Sur le cas des "capteurs de CO2", réclamés depuis des mois, le ministre a rappelé que les collectivités territoriales, compétentes en la matière, peuvent solliciter le fond mis en place par l’État pour se les procurer.

3300 contractuels en plus pour les remplacements

Pour remplacer les enseignants absents, le ministre a promis "plusieurs milliers" de remplaçants "pour faire face à la crise". "Il est exact que le Covid créé des absences de professeurs, de personnels administratifs et qu’il faut pourvoir à ces remplacements", a-t-il reconnu. Jean-Michel Blanquer a déclaré prévoir le recrutement de "3300 contractuels de plus" et le recours aux listes complémentaires, c'est-à-dire aux candidats qui ont eu le concours, mais n'ont pas été recrutés.

"J'ai annoncé que nous recruterions 3300 contractuels de plus, que nous allons avoir recours aux listes complémentaires, c'est-à-dire donc à des personnes qui sont sur des listes de concours et qui rentrent ainsi dans la fonction, notamment à l'école primaire", a-t-il dit, répondant à une demande formulée par les syndicats. "Nous allons aussi recruter ce que l'on appelle des assistants d'éducation (AED, ndlr) et des personnels d'appui éducatif pour les directeurs d'école", a ajouté le ministre de l'Éducation.
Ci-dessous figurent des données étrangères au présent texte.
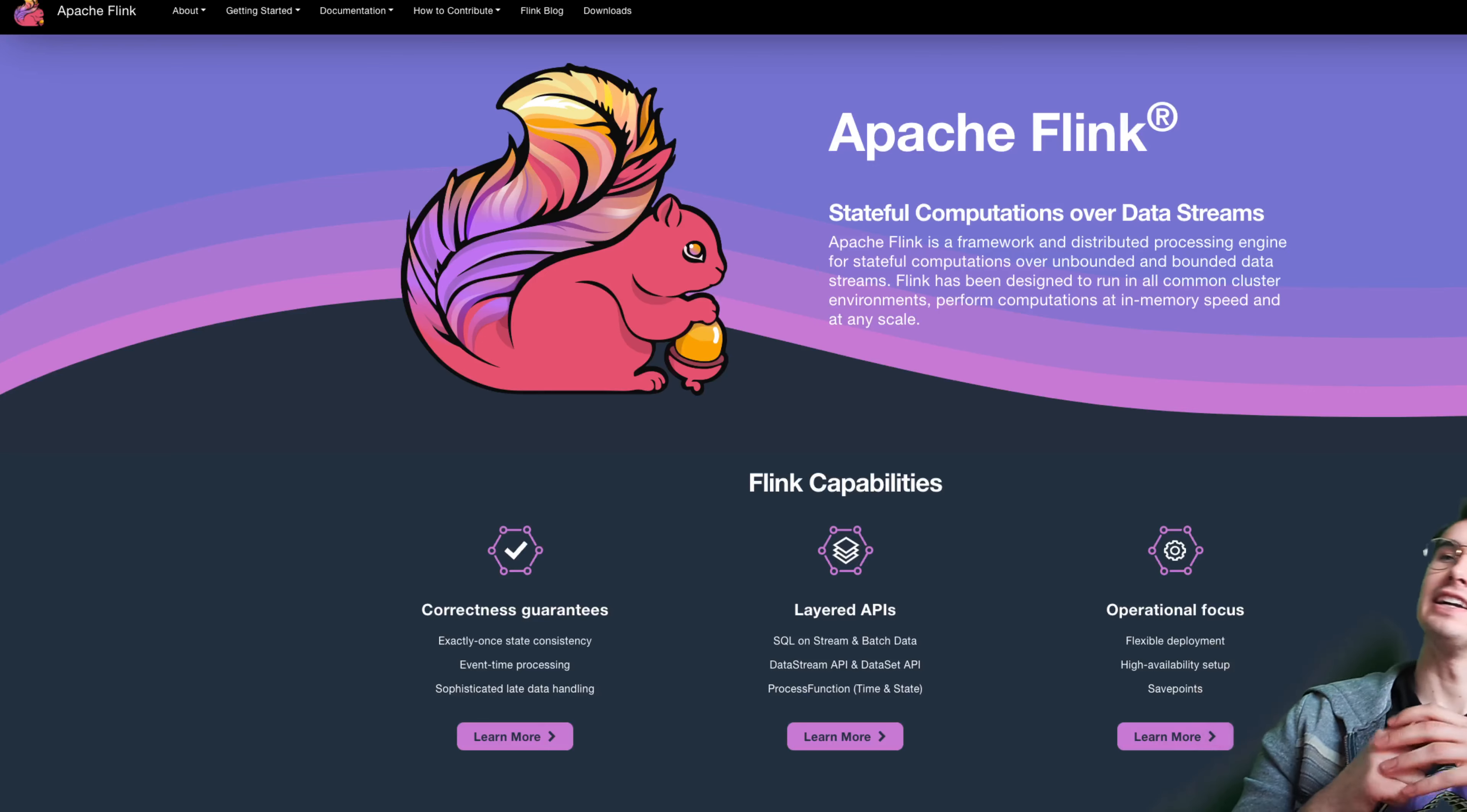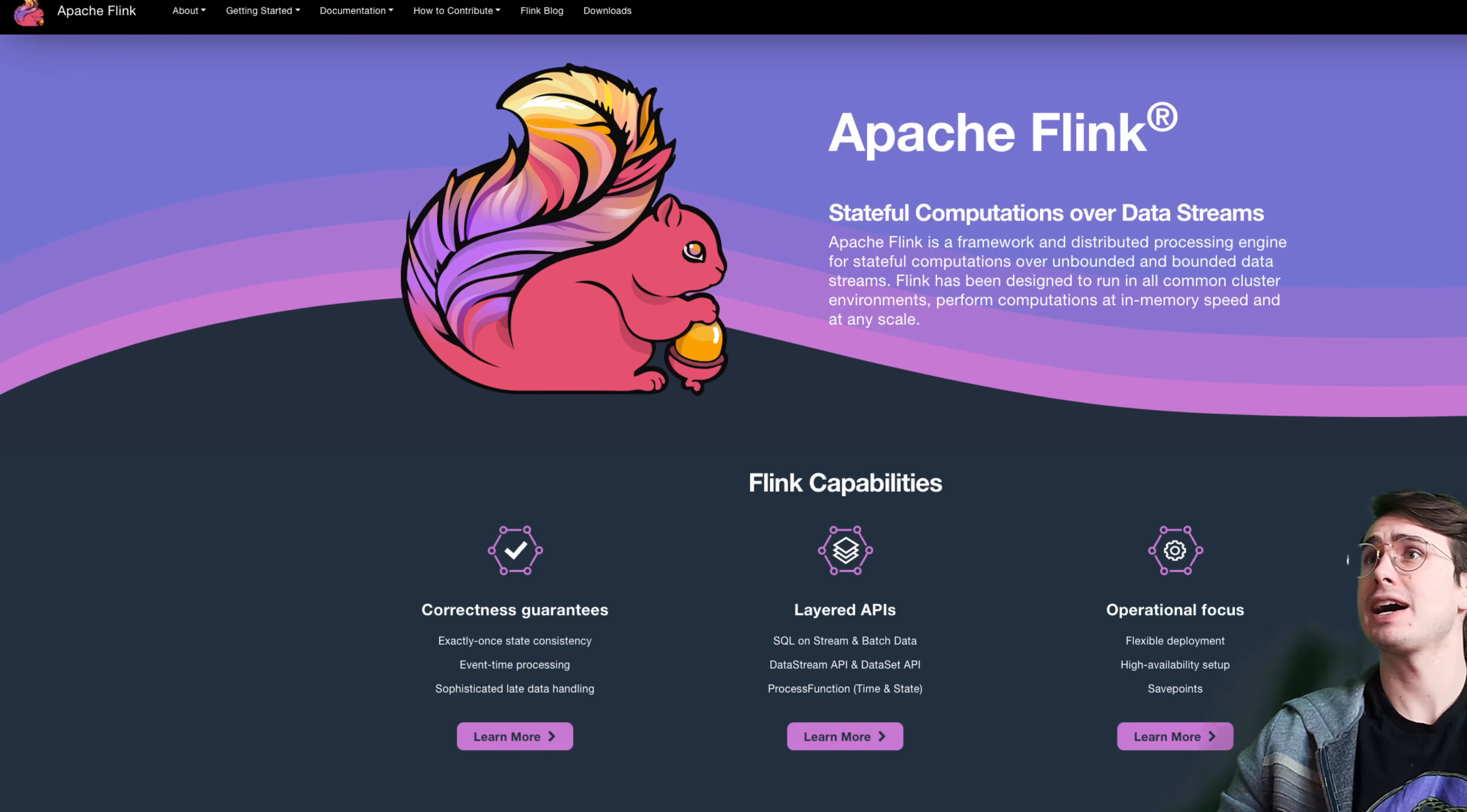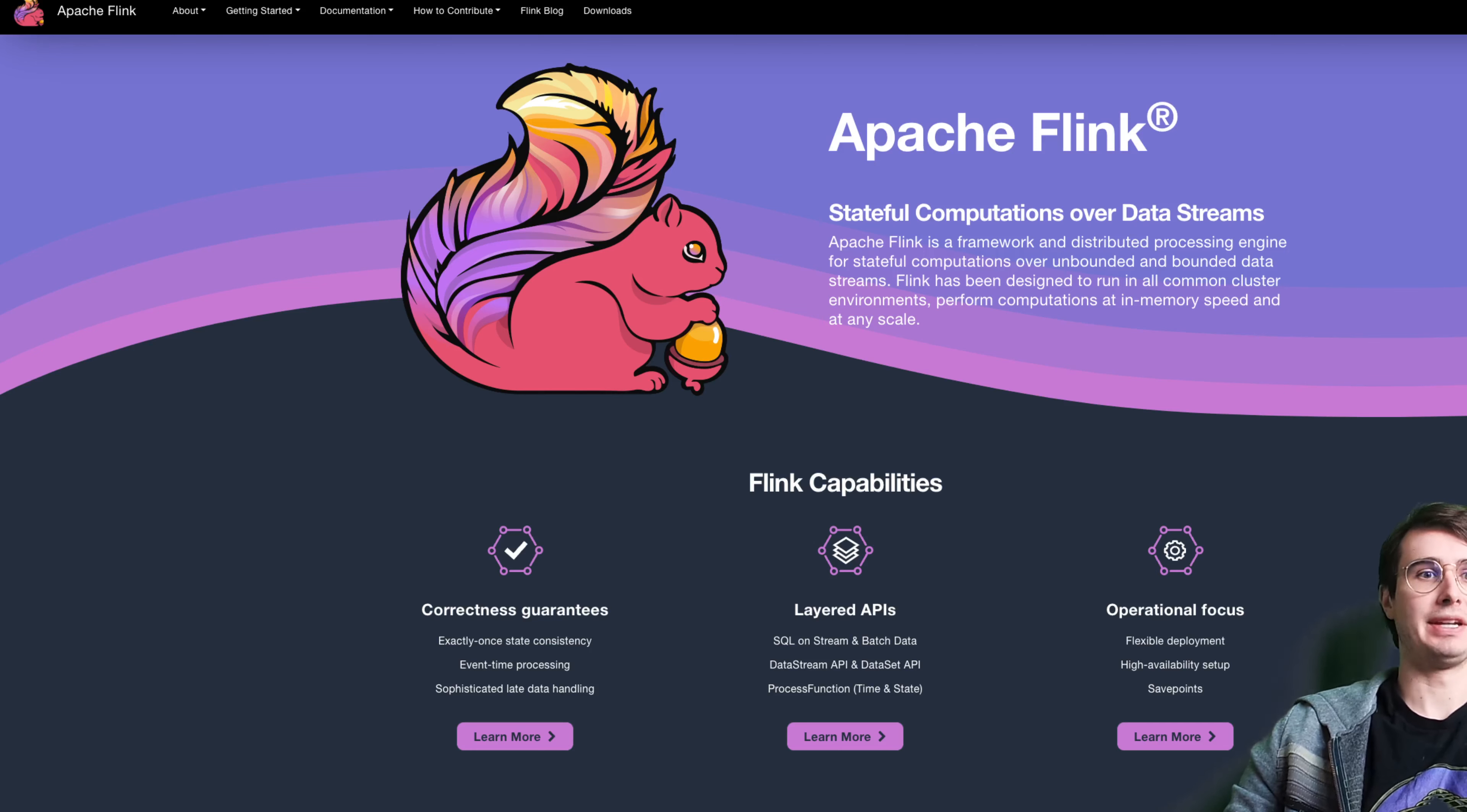Hey, y'all. DataGuy here. And today, I wanted to talk about another Apache project that I've been hearing a lot about recently, and that is Apache Flink.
Les évaluations de CP reportées, celles du bac en consultation

Face aux perturbations engendrées par la crise sanitaire, les évaluations de "mi-CP", qui devaient commencer la semaine prochaine, seront, elles, "reportées à un délai qui reste à définir"

Concernant les épreuves de spécialités du bac, qui normalement ont lieu en mars dans le cadre de la nouvelle réforme, le ministre a indiqué qu'il allait "faire une analyse là encore avec les organisations représentatives" pour "voir s'il est opportun d'avoir un report de ces épreuves de mars vers le mois de juin".

Blanquer a également déclaré que des concertations régulières seront désormais organisées avec les syndicats."Il y a une fatigue par rapport à tous les enjeux de la crise sanitaire, chacun le comprend. Ça a été aussi un moment d'explications. Il a d'ailleurs été décidé qu'il y aurait désormais une réunion bi-mensuel avec les organisations syndicales, le ministère de la Santé et bien sûr le ministère de l'Éducation nationale, ce qui permettra de comprendre pourquoi parfois des décisions doivent subir des adaptations parfois très rapides", a-t-il précisé, demandant le "retour d’un climat de confiance".